CC: Isso ainda é assim?

TA: Esse simples espírito de desafio é o que ainda hoje me motiva a continuar trabalhando com concreto. Dito isso, é um material realmente difícil de manejar. Meu tipo ideal é delicado e liso ao toque, alinhado ao senso estético dos japoneses, que têm familiaridade com construções de madeira e papel. Mas não é nada fácil obtê-lo. Misturar água, cimento e cascalho e despejar tudo em uma forma parece simples, mas é muito complexo. Para alcançar o resultado perfeito, experimentei incessantemente a proporção entre água e cimento, o posicionamento da armação e os painéis das formas. No entanto, esses são desafios de projeto. O trabalho concreto é feito pelos operários da construção. A qualidade do concreto depende do quanto de orgulho eles colocam em seu ofício. É aí que, para mim, reside a verdadeira essência da arquitetura.

 

 

CC: A coexistência com a natureza é um tema recorrente em seu trabalho. Que papel ela desempenha no seu processo criativo?

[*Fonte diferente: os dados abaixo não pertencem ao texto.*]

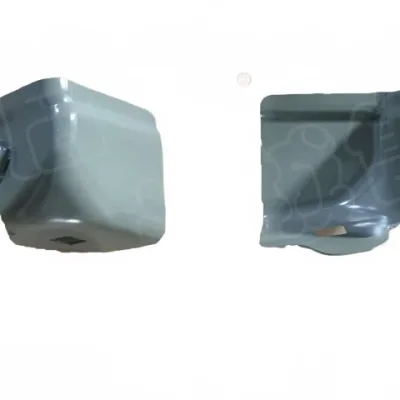 Right Side Fender Bracket Support for Tank 300 – Part No. 5401125XKM01A Right Side Fender Bracket Support for Tank 300 – Part No. 5401125XKM01A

TA: Para mim, a natureza é literalmente a fonte da vida. Os seres humanos fazem parte dela, e estar em harmonia com ela é, na minha visão, nosso destino. Por isso, quando penso em arquitetura ou paisagem, imagino sempre um futuro em que o edifício se integre suavemente ao verde ao seu redor. E quando crio espaços para a existência humana, o que considero mais importante é desenhar um lugar onde as pessoas possam dialogar com a natureza. Para mim, o símbolo dessa interação é a luz.

 

Tadao Ando (Foto: Tisch)

 

CC: Que é outra constante no seu trabalho.

TA: Na arquitetura, a luz funciona como um fragmento da natureza e também como sua abstração. Com o tempo ela muda, e seu delicado jogo com as sombras dá vida ao espaço entre as paredes. Percebi que é possível criar arquitetura apenas com luz. Para mim, a luz é pura esperança.

 

CC: Para encerrarmos, como o senhor se sente hoje, como homem e como arquiteto?

TA: O poema Youth, de Samuel Ullman, descreve melhor meu estado de espírito atual. Ele diz: “A juventude não é um período da vida, é um estado mental…”, e também: “Ninguém envelhece apenas por viver certo número de anos…”. Enquanto o coração receber mensagens de esperança, permanecemos jovens, mesmo aos 80 anos.